One they can look for products that have selectable services. If you need to make a choice or balance between performance and maximum storage, being able to turn off services can help. Then you can choose what you need – best speed or best efficiency. But if you choose speed don’t buy on effective price! Don’t let someone tell you that you that you’ll get 2x or 5x more data stored!
The other is to distribute services. By moving data reduction services to flash devices you remove the load from the controller and spread it across many devices. HDS does this. We run compression on our custom flash module (FMD) to distribute load.
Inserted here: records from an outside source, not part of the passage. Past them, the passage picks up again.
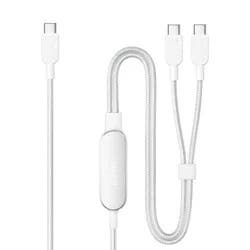 Anker 4' USB-C to 2 USB-C Cable - Gray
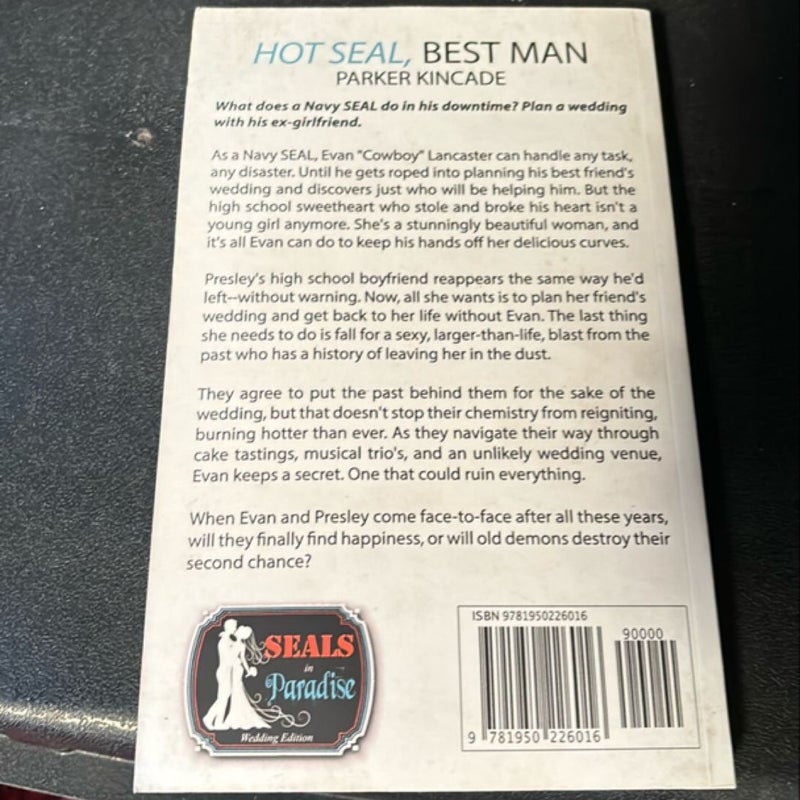 Hot SEAL, Best Man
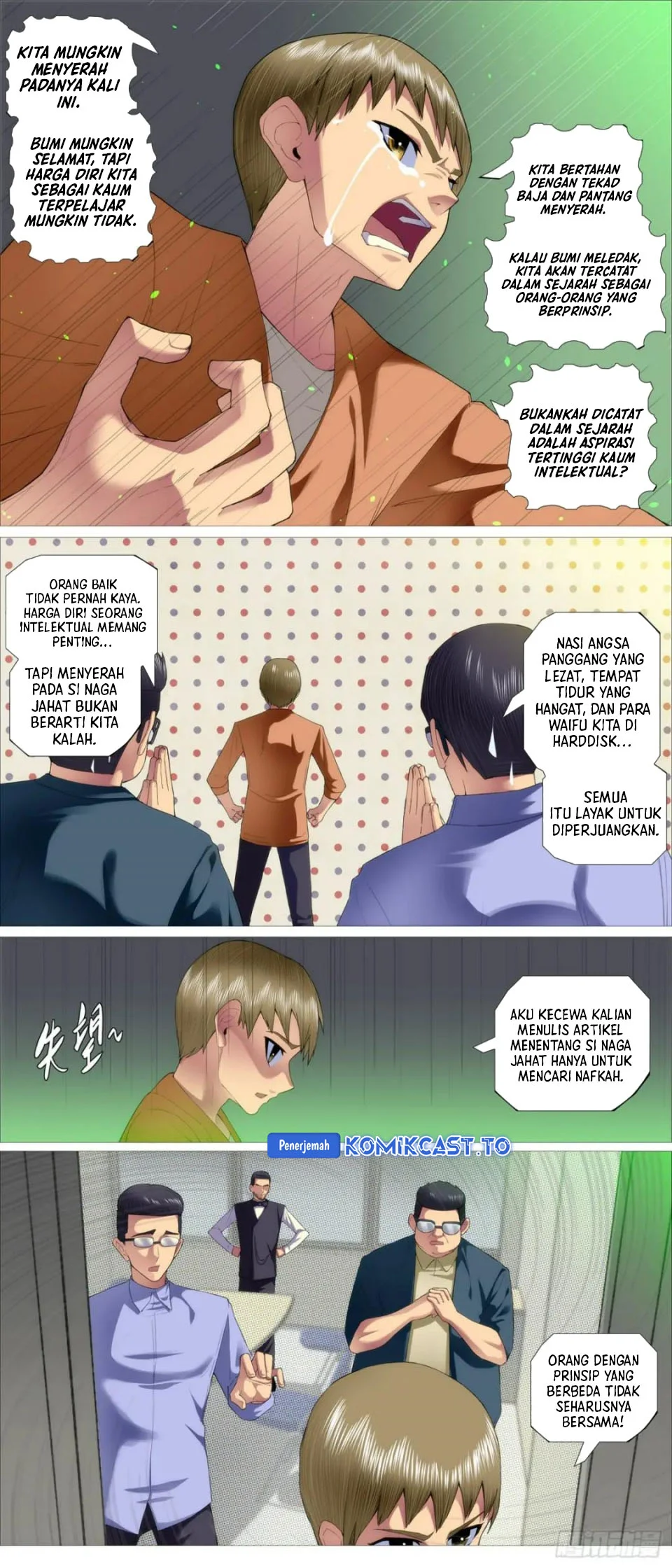 Iron Ladies Chapter 609 Gambar 3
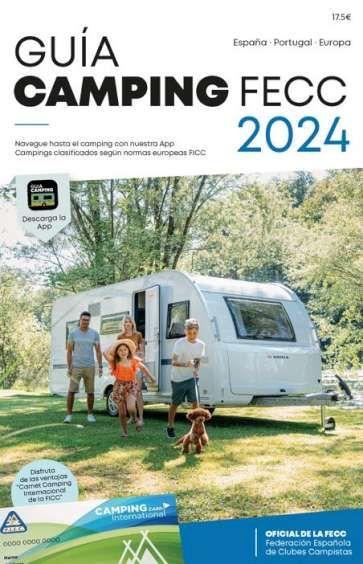 Carte Guia Fecc Campings 2024 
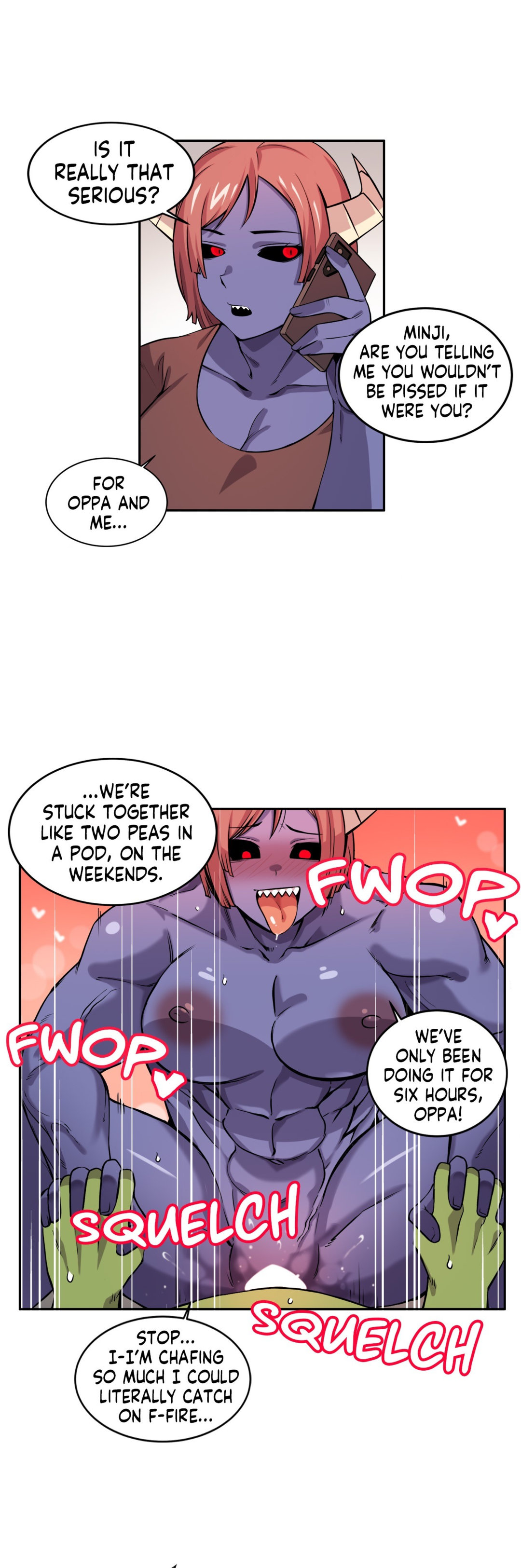 Zombie Girlfriend chapter 23 page 9
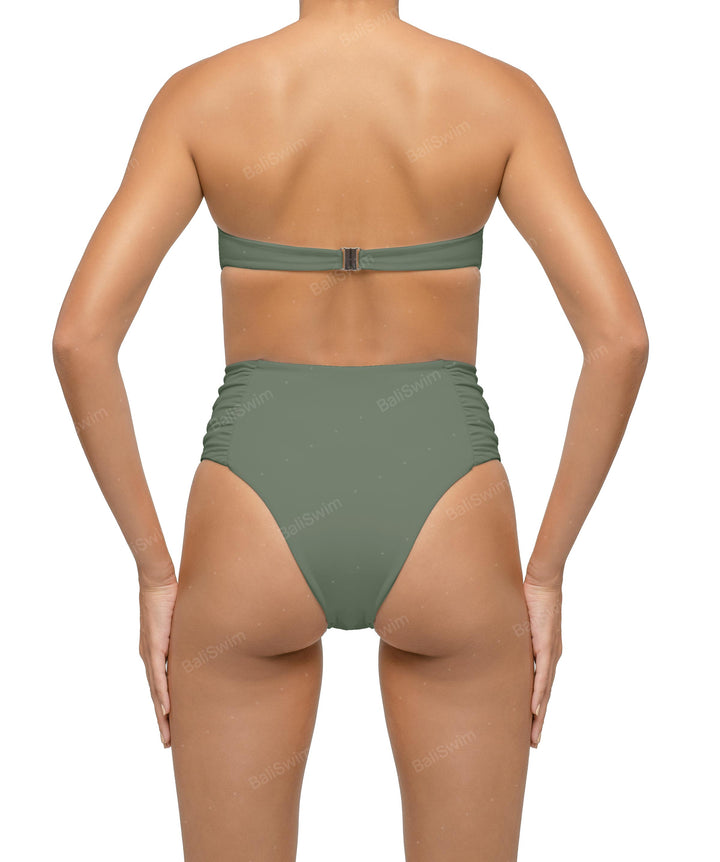 BSWS-T127 Twist Bandeau Bikini Top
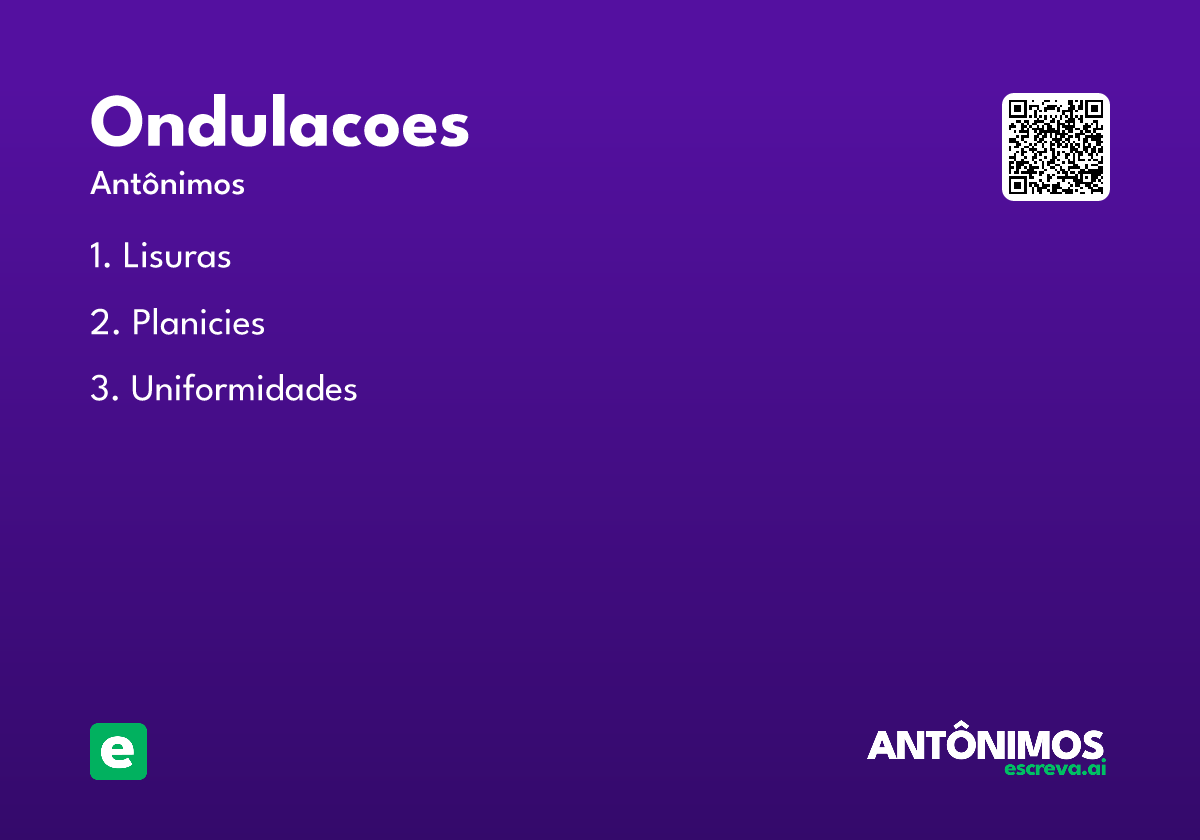 ondulacoes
This also lets us take advantage of dedicated CPU and memory resources, as well as hardware acceleration, to prevent slowdowns.
To compare, take a look at how many Intel cores are needed to deliver the same compression throughput as a rack full of Hitachi Accelerated Flash FMD DC2 (based on widely adopted storage compression algorithms and public performance results). You can see that in a world where you do everything on the controller, you only go as fast as the commodity server. And that can be very inefficient.
I know we’ve only scratched the surface, but any other key takeaways?
When talking to customers I tell them the all-flash market is similar to the car market. A sales person sells on one set of statistics (IOPS, effective $/GB), but once you own the car you may care about other things (response time and bandwidth). Make sure you look at all factors and don’t only buy on specs.
- How many IOPS / how much bandwidth can an array deliver when data reduction is running?
- What latency can an array deliver when efficiency technologies are running?
- How does block size affect performance and how much benefit you get from data reduction?
- What “burn in” period to use to validate ongoing performance levels versus peak performance?